Now, U.S. President Biden, the world’s largest producer and consumer of all fossil fuels, announced a ban on the import of all Russian energy commodities. One would think that this would result in a tympanic economic drum roll that would beat the Russian leader into submission.

Unfortunately, this announcement carried about the same weight as the earlier declaration by our own Prime Minister Justin Trudeau when he banned the import of Russian crude into this country. This amounted to all of 17,000 barrels per day. Not a game changer – or even a player in the deadly game being played by the Russian government and military.

The U.S. move is also heavy on “media friendly” theatrics.

The U.S. President Joe Biden claimed that the ban on Russian imports would mean 700,000 barrels per day of crude not reaching U.S. shores. That’s not quite right, because 500,000 bpd are refined products, like gasoline and diesel – not Russian crude.

The approximately 200,000 bpd of crude now being banned represents a loss of only 1% of U.S. daily refining capacity.

Gasoline and diesel prices have now reached record levels across North America and have given cause for questions on the supply status of crude oil and its refined offspring in the immediate and long term.

This week, we have seen prices increase by 12 cents per litre (cpl) one day and fall by 15 cpl two days later.
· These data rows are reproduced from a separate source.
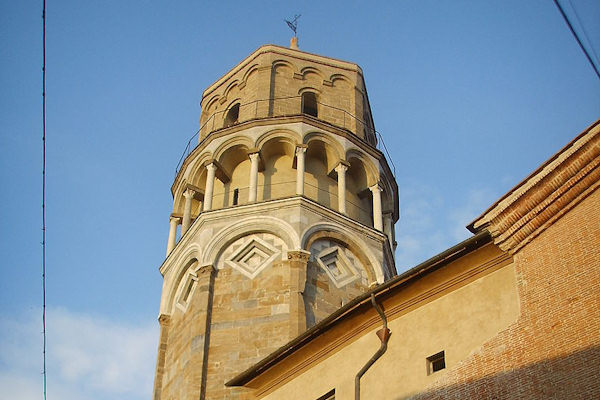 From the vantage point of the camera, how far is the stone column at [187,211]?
1230 inches

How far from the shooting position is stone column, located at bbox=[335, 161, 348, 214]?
1191 inches

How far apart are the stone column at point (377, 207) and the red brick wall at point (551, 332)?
14844 millimetres

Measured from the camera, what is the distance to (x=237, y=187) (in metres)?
31.5

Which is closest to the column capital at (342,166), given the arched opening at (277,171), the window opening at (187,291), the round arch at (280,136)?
the arched opening at (277,171)

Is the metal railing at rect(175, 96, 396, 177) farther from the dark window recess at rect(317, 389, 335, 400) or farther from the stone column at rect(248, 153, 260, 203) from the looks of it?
the dark window recess at rect(317, 389, 335, 400)

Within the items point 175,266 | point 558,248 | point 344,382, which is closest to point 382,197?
point 175,266

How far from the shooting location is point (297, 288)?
1056 inches

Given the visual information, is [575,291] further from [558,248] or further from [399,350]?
[399,350]

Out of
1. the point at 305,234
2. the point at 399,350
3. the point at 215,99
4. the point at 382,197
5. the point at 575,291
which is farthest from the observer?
the point at 215,99

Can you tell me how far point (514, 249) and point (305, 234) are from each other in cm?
1295

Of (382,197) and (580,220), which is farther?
(382,197)

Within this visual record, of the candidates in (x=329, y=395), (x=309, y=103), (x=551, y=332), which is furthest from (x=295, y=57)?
(x=551, y=332)

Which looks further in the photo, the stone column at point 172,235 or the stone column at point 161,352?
the stone column at point 172,235

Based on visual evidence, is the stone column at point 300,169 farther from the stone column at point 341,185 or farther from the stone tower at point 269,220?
the stone column at point 341,185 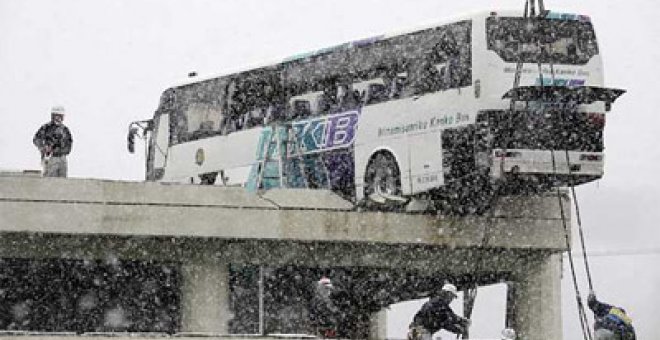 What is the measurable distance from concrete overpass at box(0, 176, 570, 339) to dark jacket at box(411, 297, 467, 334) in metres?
3.73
The same went for crude oil prices.

I am not an empathetic cheerleader of the political fraternity, but President Biden is in a difficult position.

How can he get pump prices down?

I find it disturbing to see the anti-fossil fuel proponent now, with hat in hand, asking OPEC members to increase crude oil production to make up for the decrease in Russian supply – all caused by his own sanctions.

It gets more concerning when he now considers reinstating Venezuela as a new, ‘best oil buddy.’

Meanwhile, in his own backyard oil patch, his biggest supplier – Canada – sits on his northern border with 1,000,000 bpd of extra supply moth-balled in the Keystone XL file he decided to cancel on his first day in office and then hide under his political carpet.